(Assignment):
The listing below should be printed again word for word, without any images.

(Given material):
++++++++++++++++++++
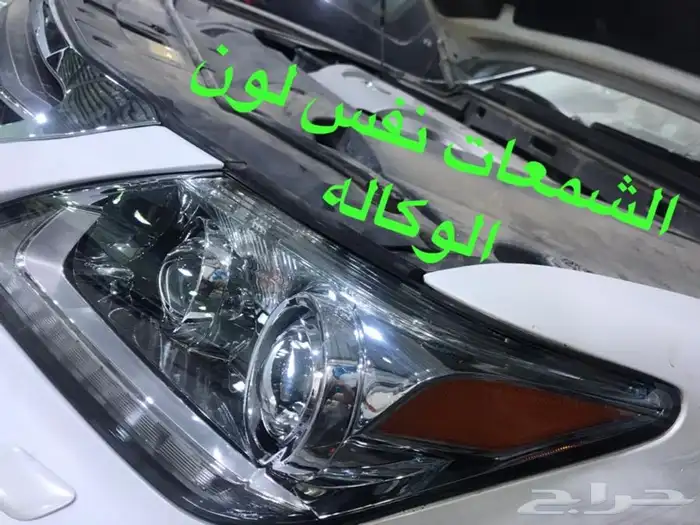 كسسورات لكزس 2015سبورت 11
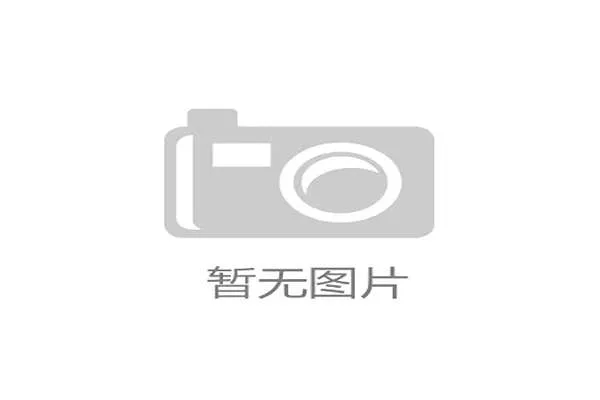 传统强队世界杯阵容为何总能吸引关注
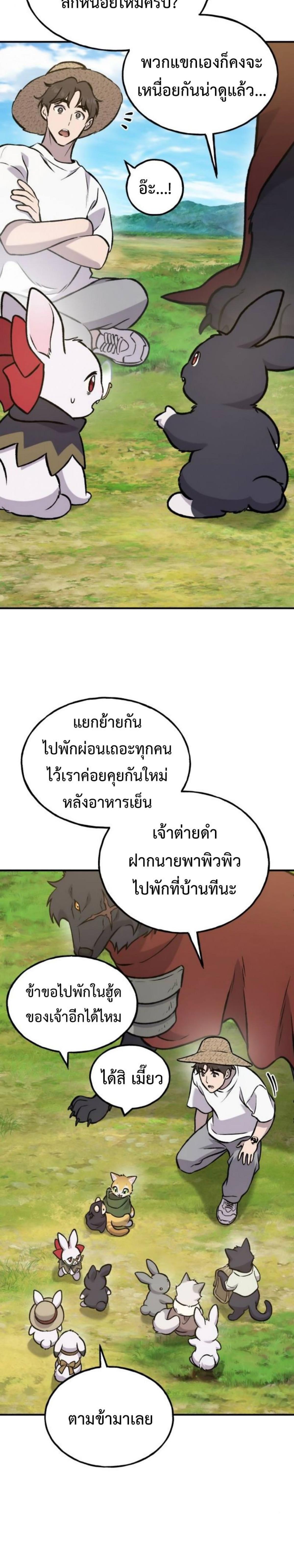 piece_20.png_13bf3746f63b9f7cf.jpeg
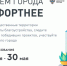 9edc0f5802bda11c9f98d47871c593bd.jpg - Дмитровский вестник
++++++++++++++++++++
(Exercise output):
 كسسورات لكزس 2015سبورت 11
 传统强队世界杯阵容为何总能吸引关注
 piece_20.png_13bf3746f63b9f7cf.jpeg
 9edc0f5802bda11c9f98d47871c593bd.jpg - Дмитровский вестник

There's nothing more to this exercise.